Can you tell I'm excited!?  What we have here is the Turnigy nano-tech Ultimate 4600mah 2S2P 90C Hardcase Lipo Short Pack, which I intend to install in the 12428.  My research indicated that should fit with some modification of the battery tray.  Most important are the dimensions, advertised and actual; the actual battery I measured was slightly smaller than advertised:

  • Length: 96mm advertised vs 95.47 measured
  • Width: 47 advertised vs 46.9 measured
  • Depth: 25.1 advertised vs 24.9 measured.
So! I intended to sit it vertically in the battery tray and a little cutting of the battery tray was in order:

Tight clearance between battery and strut towers

Note shiny new motor heatsink.

Yes, this is quite high, and very far back.  As high and as backwards as possible.. Now I'm thinking of CG and it's not really ideal.. :) However, it fits!! I don't really care if it wheel-stands too much, these are all about the fun :)

UPDATE 1: Well.. It works ;) it's extremely punchy!  my wife says it sounds beastly! Characteristics are:
  1. At 8.4v the car will easily lift a front wheel under hard acceleration.
  2. Can't speak to playtime as I only reduced it down to storage voltage today.
  3. I'm running a locked diff, so it doesn't turn well at speed.  So that probably means a reduced tendency to roll, which is a good thing.  Although it still happens and the battery impacted the ground..
Hmm.. More engineering required.

UPDATE 2:  With the intent of allowing the battery to move forwards further I removed the battery tray and removed part of the front with some side-cutters; I only removed enough so the battery would fit through.

Battery tray with half the front removed.

I also had to remove about 30mm from the driver insert so it would clear the battery.  All this allowed the battery to move about 25mm forwards where it is nestled and protected inside the rear roll bars. 

Can you see the battery terminal on the top right?

I also made an aluminum tray for the battery to slide along and with just the right amount of bend, it holds the battery nicely without the need for a retaining strap.

The battery is held captive in all dimensions

Finally I shortened up the power cables, and reduced the thickness from 10 gauge to 14 gauge:

New power cable & connectors, reused balance bits.
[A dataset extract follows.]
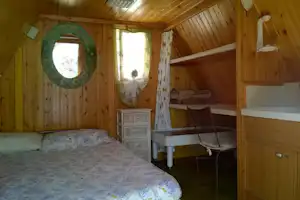 Innenraum einer Holzunterkunft mit Doppelbett, Schrank, Regalen und Fenster, Blick auf Vorhang und Spiegel.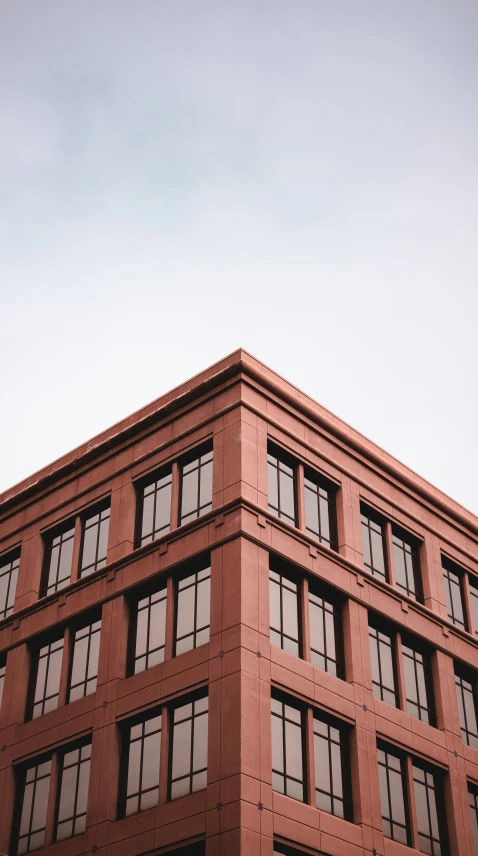 an old - fashioned brick building with several windows on top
Combined, these changes made all the difference :) I went for a long play up the bush the other day (uphill, damp earth, rocks).  Characteristics now are:
  1. Extremely long run time :) I charged both batteries but only used one.
  2. A motor heat-sink is now a must, it cut out a couple of times regardless.
  3. Pretty good weight distribution: ~52/48 front to rear ;)


     Weight (g)
    Distribution (%)
    Front Left
     430 24.6
    Rear Left
     425 24.3
    Front Right  471   26.9
    Rear Right 422   24.1
Who'd have thought there would be so much potential for fun in these little cars.  I actually bumped into some Tamiya owners who claimed their 90's cars were brittle and tiring to own.. After a little demo I may have converted him ;)

I'm still loving this thing .. :)
 
UPDATE 3: Note that the standard ESC does not appear to have reverse polarity protection; so be very careful that you connect the leads to the battery the right way around etc..

Wednesday, June 10, 2020

Wltoys 12428b (part 26: Two bent drive shafts)

So we've been having a bit of fun lately, and so this morning I was doing a little proactive maintenance on my boys car; his always seems more .. agricultural .. than mine and I wanted to have a closer look.  Among the general increase in wear and tear (he's a kid) I noticed that both drive shafts (front and rear) on the right hand side of the car were bent.  And during disassembly I then broke the screw holding the pinion to the shaft (as has happened elsewhere on these cars).

Figure 1: Bent and broken

Ignoring how the bent shafts might have happened I was able to get his car working smoothly by replacing the whole rear diff assembly and also a front CV shaft from the spare parts car.  The specific replacements of the parts are below, and I ordered them from Bangood.
The rest of this article discusses how to repair the bent shafts, and replace the broken screw.  It does assume you have seen inside the rear diff of a 12428b ;)

After rolling it on a flat surface, I found the high side of the rear axle, I held the axle in a vice and tapped the high side with a light hammer.  After repeating this a few times it came good.  Or so I thought; I then put it in a drill and it's still out of round by half a mm or so.. hmm..

Harder was the repairing the broken screw which had to be drilled out to 2.5mm and tapped at 3mm (I've also had to do similar previously).

Figure 2: After drilling out the broken screw

In Figure 1 the parts are lined up screw, spider gear, axle housing and axle shaft, with the (now broken) screw fixing the spider gear to the shaft.  During reassembly I didn't have a m3 screw with a small enough head to clear the spider gears, so I had to phone my friend Randal who specializes in such things :)

And finally, the front CV shaft was also quickly fixed with a couple of gentle taps of the ball pein hammer.